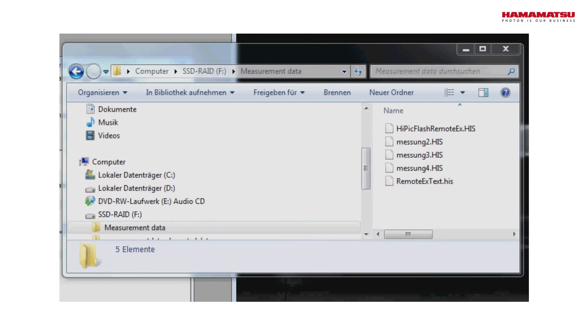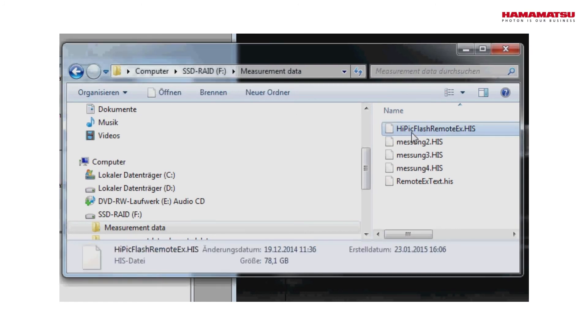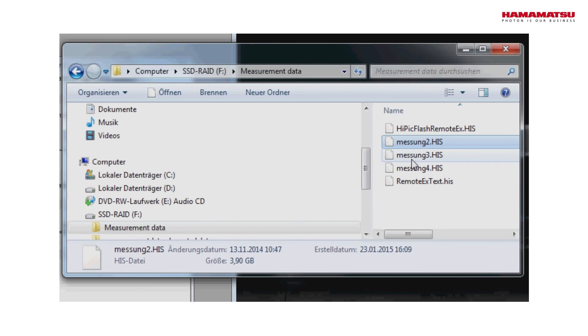At the end, all the experiment data is stored safely on the hard disks of the servers for evaluation.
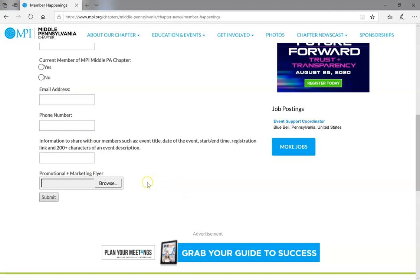And also, even more importantly, a JPEG promotional or marketing flyer to share also with our members.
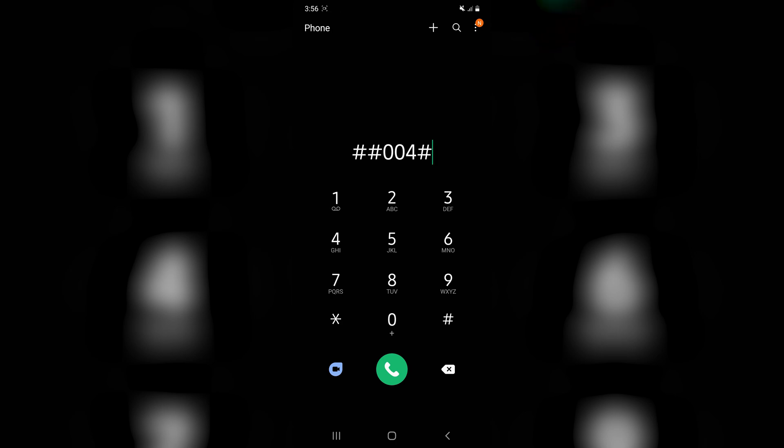So open the default calling app on your phone, jump to the keypad screen, and enter ##004#. Now, this is a globally standard call forwarding code, but unfortunately not all mobile service providers comply with that standard, which means this won't necessarily work. It depends on who your mobile service provider is.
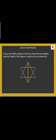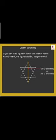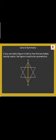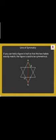The fold line is called the line of symmetry or axis of symmetry. Here, the line AG is one such line of symmetry. The others are line BH, line CI, line DJ, line EK, and line FL.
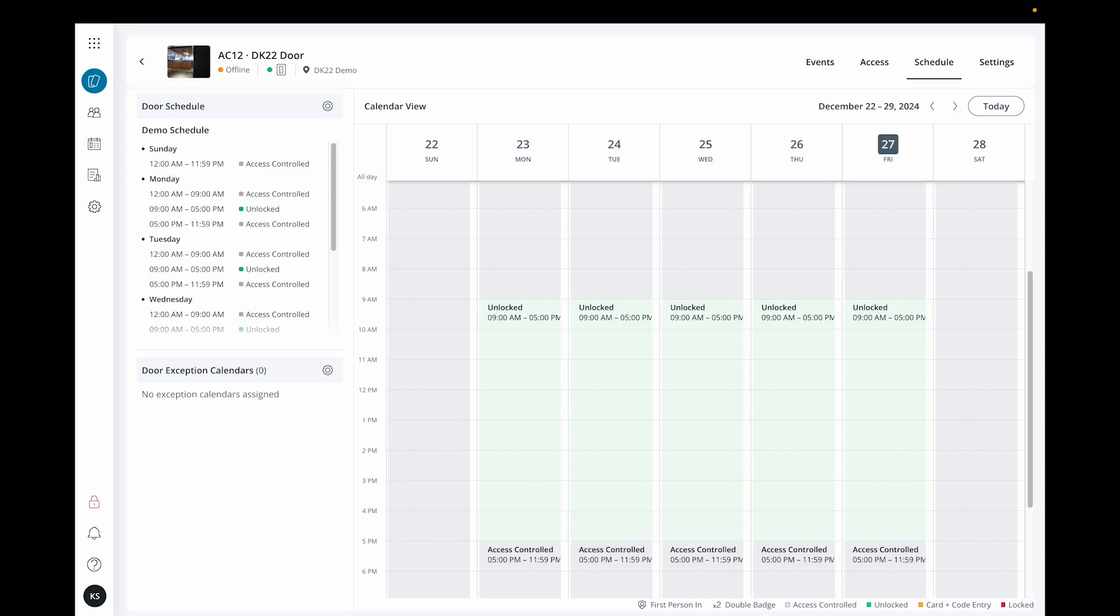Finally, let's talk about door schedule exceptions. This is used for situations when a door's normal schedule needs to change, such as for a holiday or a special event.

• _Task_:
Pictures should not appear in the copy. Write out exactly the lines above from the first one through the line that contains "So open the".

• _Response to this exercise_:
At the end, all the experiment data is stored safely on the hard disks of the servers for evaluation.
And also, even more importantly, a JPEG promotional or marketing flyer to share also with our members.
So open the default calling app on your phone, jump to the keypad screen, and enter ##004#. Now, this is a globally standard call forwarding code, but unfortunately not all mobile service providers comply with that standard, which means this won't necessarily work. It depends on who your mobile service provider is.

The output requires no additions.